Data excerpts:
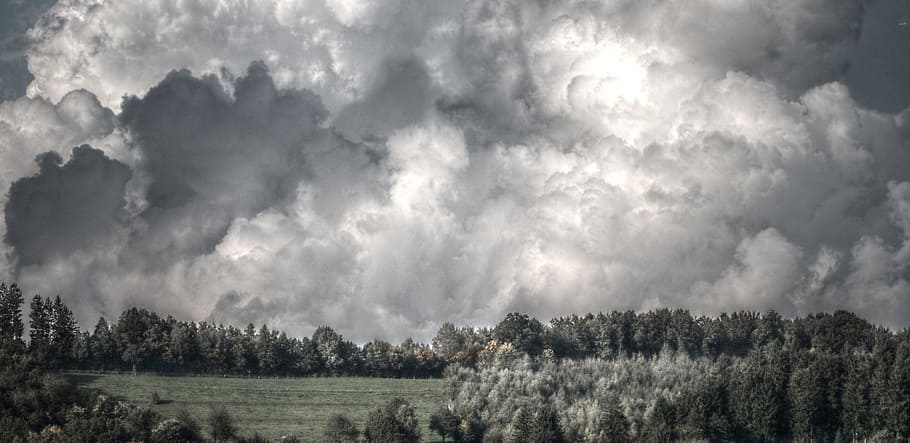 green trees under white and gray clouds, landscape, sky, nature HD wallpaper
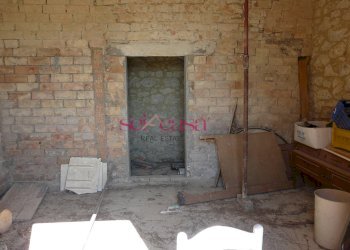 Azienda agricola Cinigiano - foto 17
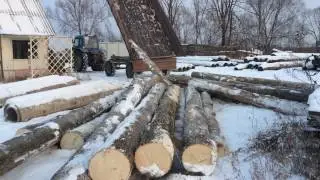 Мтз-82 выгружаем бревна
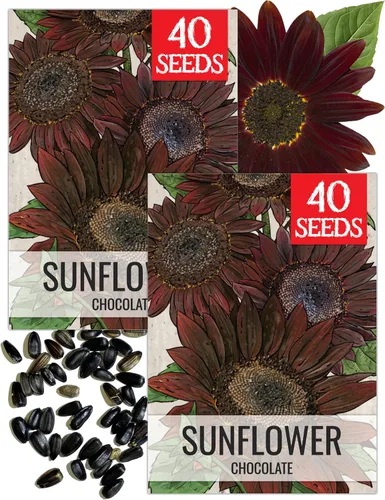 Miniatura 32 de Seed Needs Semillas de girasol para plantar girasoles de manchas solares enanas, semillas de flores de corte anual de polinización abierta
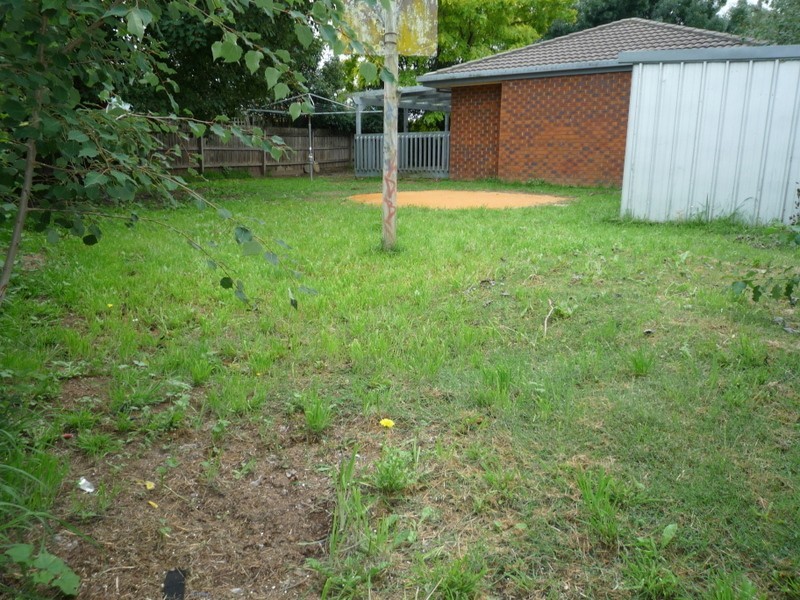 14 Ashfield Drive, Berwick VIC 3806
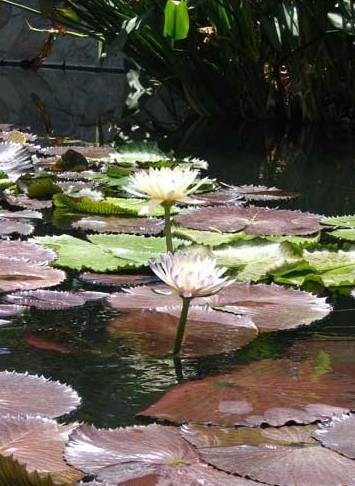 Obituary of Wanda June Howell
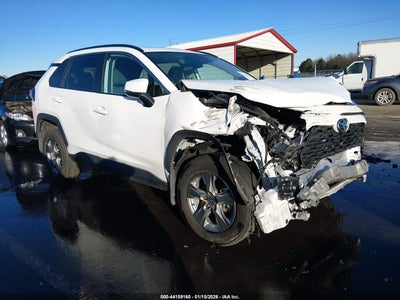 TOYOTA RAV4 2024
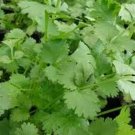 seeds cilantro slow bolting (coriander) herb heirloom vegetable 1/4 lb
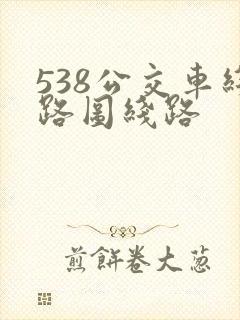 538公交车线路图线路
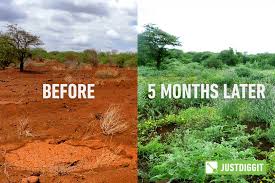 149 bunds in 2025: onze duurzame impact met Justdiggit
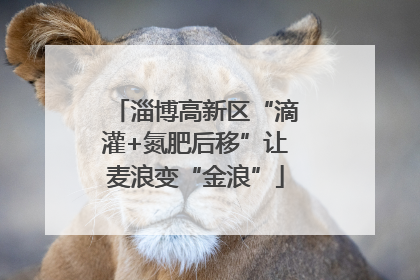 淄博高新区“滴灌+氮肥后移”让麦浪变“金浪”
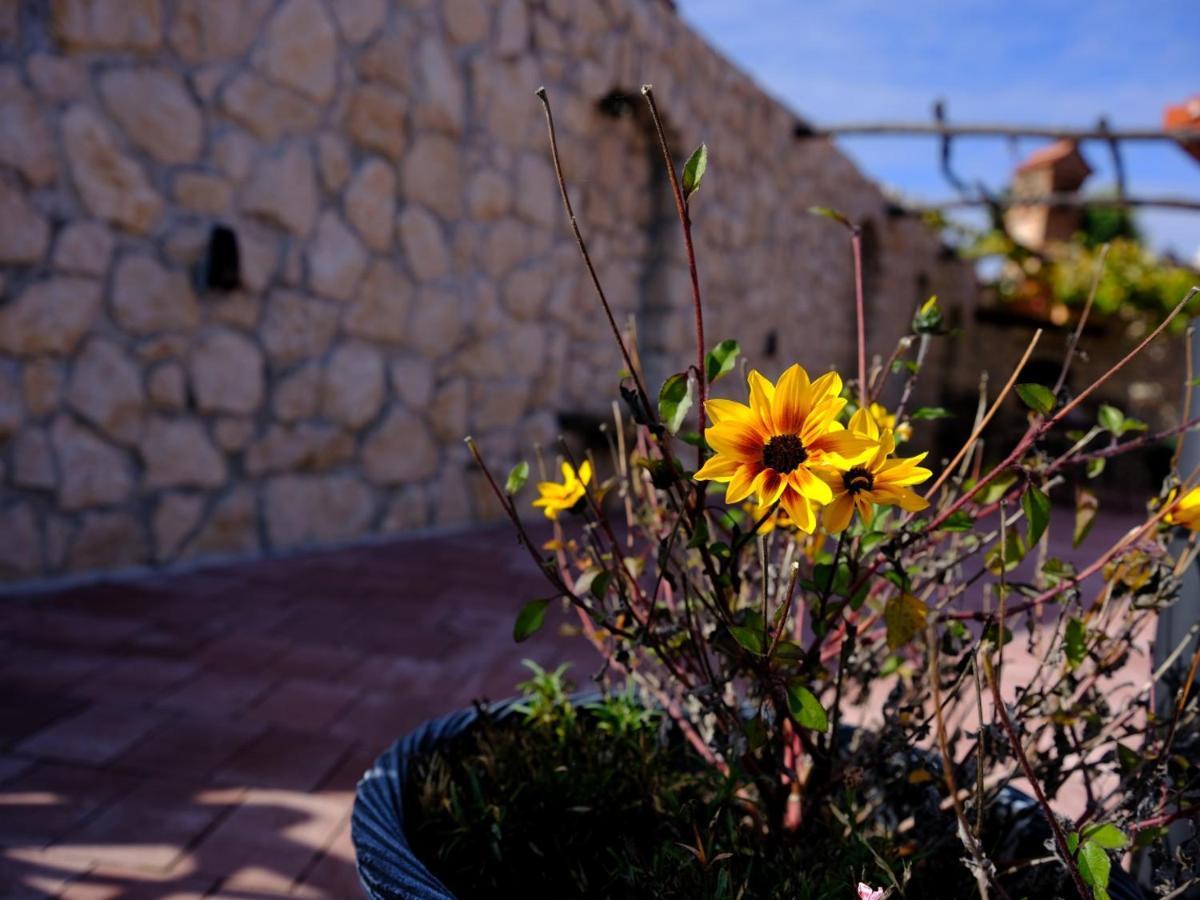 Secret Wellness Apartamento Bodonci Exterior foto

# Task
Give the data again exactly, image-free.

# Completed task
 green trees under white and gray clouds, landscape, sky, nature HD wallpaper
 Azienda agricola Cinigiano - foto 17
 Мтз-82 выгружаем бревна
 Miniatura 32 de Seed Needs Semillas de girasol para plantar girasoles de manchas solares enanas, semillas de flores de corte anual de polinización abierta
 14 Ashfield Drive, Berwick VIC 3806
 Obituary of Wanda June Howell
 TOYOTA RAV4 2024
 seeds cilantro slow bolting (coriander) herb heirloom vegetable 1/4 lb
 538公交车线路图线路
 149 bunds in 2025: onze duurzame impact met Justdiggit
 淄博高新区“滴灌+氮肥后移”让麦浪变“金浪”
 Secret Wellness Apartamento Bodonci Exterior foto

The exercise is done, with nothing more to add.